Depuis le drame qui a coûté la vie à la petite Lyhanna, plusieurs voix se sont élevées pour réclamer des mesures législatives et disciplinaires. Parmi elles, celle de Grégory Bobbato, maire de Fleurance, se distingue par son ton direct et ses réserves quant aux réponses proposées.
Interrogé sur l'opportunité d'une nouvelle loi pour prévenir ce type de crimes, l'élu a estimé qu'« une énième loi ne réglera pas le problème ». Cette déclaration, livrée alors que le débat public s'enflamme sur les lacunes du système judiciaire, traduit une certaine lassitude face à ce que l'édile perçoit comme des solutions insuffisamment profondes.

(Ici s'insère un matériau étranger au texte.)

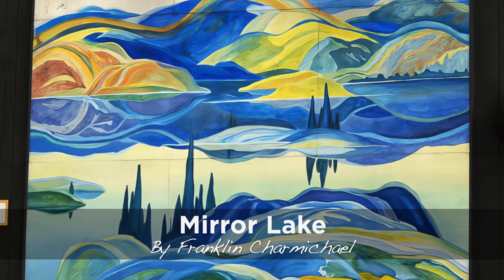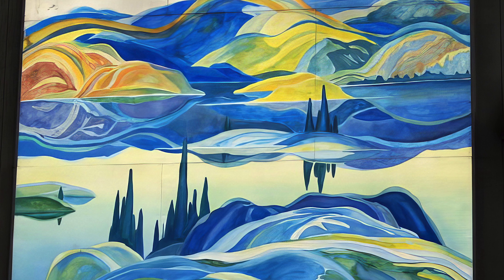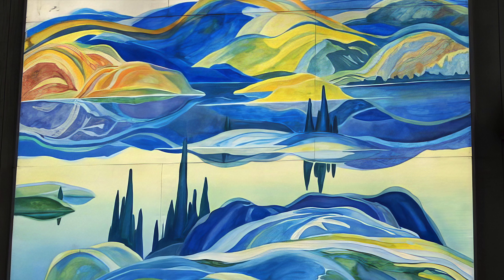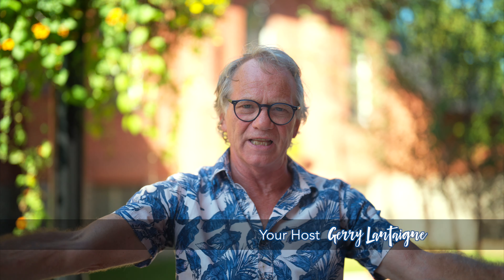This is Mirror Lake, a wonderful watercolor by Franklin Carmichael. Look up top — you've got those beautiful mauves and these rich, heavy blues in the center of the painting, then that wonderful reflection.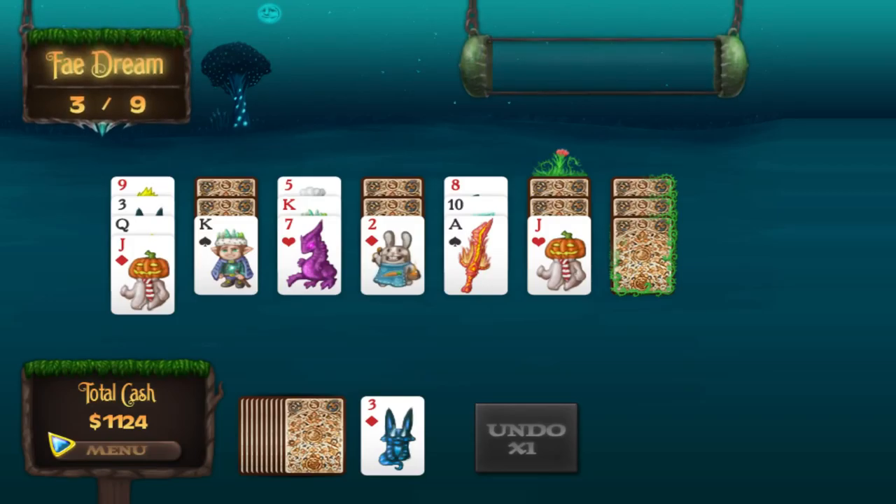That's enough Fairyland for today, and enough Fairy Solitaire. Look it up on Steam — it's a great game. It's often on sale if you want to wait, but I think it's worth the money, and I hope you do too. Have a great gaming day. We'll see you guys. Bye.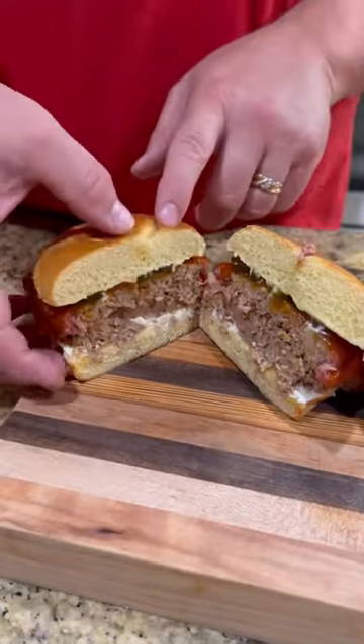Slice into it. Y'all know what time it is — it's time to go in for that bite, baby. This was absolutely freaking killer. Enjoy, guys.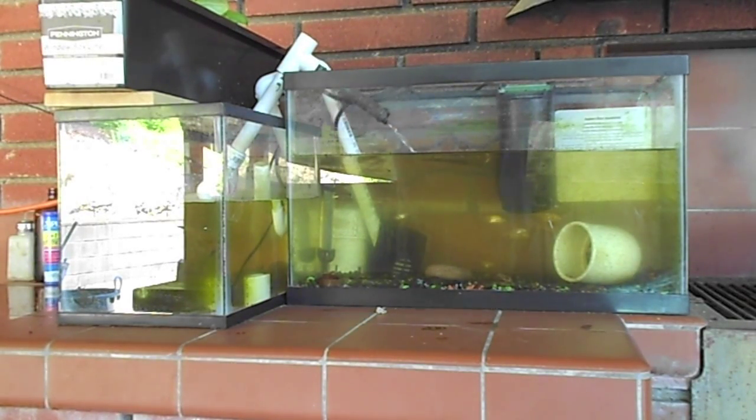Hey guys, this is Nick and this is my first attempt at a solar powered aquaponics system.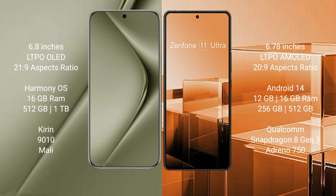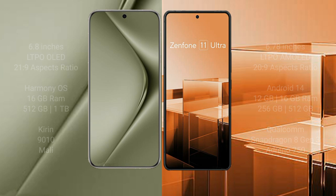Huawei Pura 70 Ultra comes with 16GB RAM and 512GB or 1TB internal storage, powered by the Kirin 9010 processor and Mali GPU. Asus Zenfone 11 Ultra comes with 12GB or 16GB RAM and 256GB or 512GB internal storage, powered by the Qualcomm Snapdragon 8 Gen 3 processor and Adreno GPU.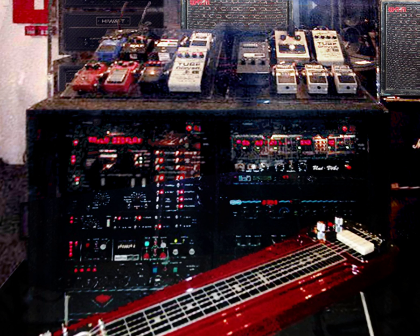Guitar technicians must have a broad knowledge of the musical equipment used in the types of bands they work with. At a minimum, this must consist of familiarity with setting up and tuning guitars and making simple adjustments and repairs. As well, guitar techs are often expected to set up, repair, and adjust electronic effects, tuners, pre-amplifiers, amplifiers, and pedalboards.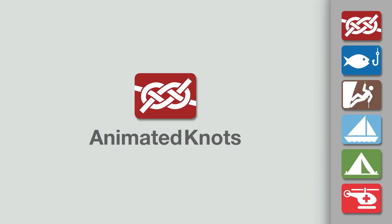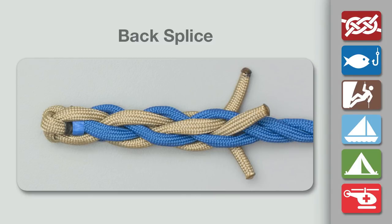Welcome to another knot tying demonstration from AnimatedKnots.com. This video teaches you how to tie a back splice.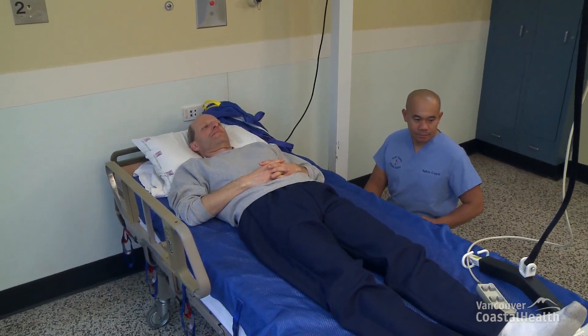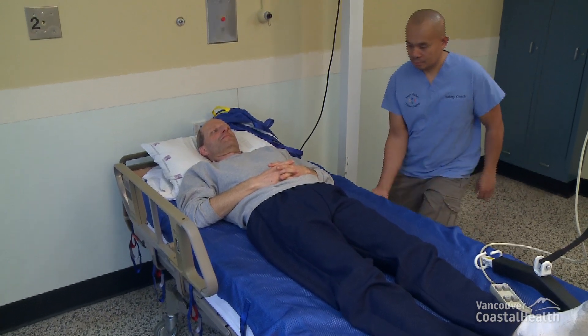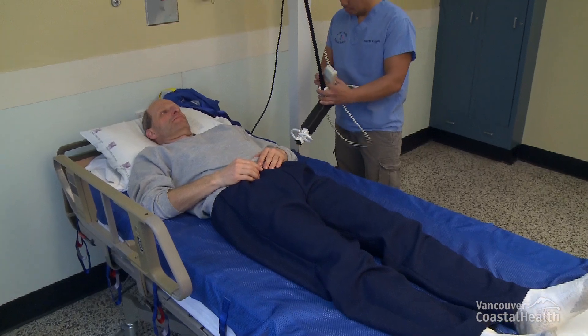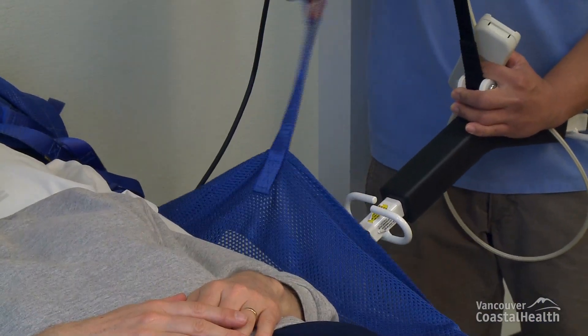Raise the height of the bed to a comfortable working height. If the bed rails are up, lower the bed rails on one side and connect the positioning sling strap on this side at the resident's upper chest, shoulder level.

Quelques jours plus tard, alors que des sanctions étaient annoncées à l'encontre de personnes impliquées dans le suivi de l'affaire, Grégory Bobbato a de nouveau pris la parole pour tempérer les espoirs placés dans ces mesures. « Un fusible, ce n'est pas la solution », a-t-il déclaré, semblant mettre en garde contre une logique de bouc émissaire qui, selon lui, ne s'attaquerait pas aux causes structurelles ayant permis le drame.
Un maire qui bouscule les habitudes
Ces interventions médiatiques soudaines ont contribué à forger l'image d'un maire « agité », pour reprendre le qualificatif employé dans une récente enquête de la presse nationale. Loin du profil discret que l'on attend parfois d'un édile d'une commune de taille modeste, Grégory Bobbato n'hésite pas à interpeller les autorités et à exprimer publiquement son désaccord.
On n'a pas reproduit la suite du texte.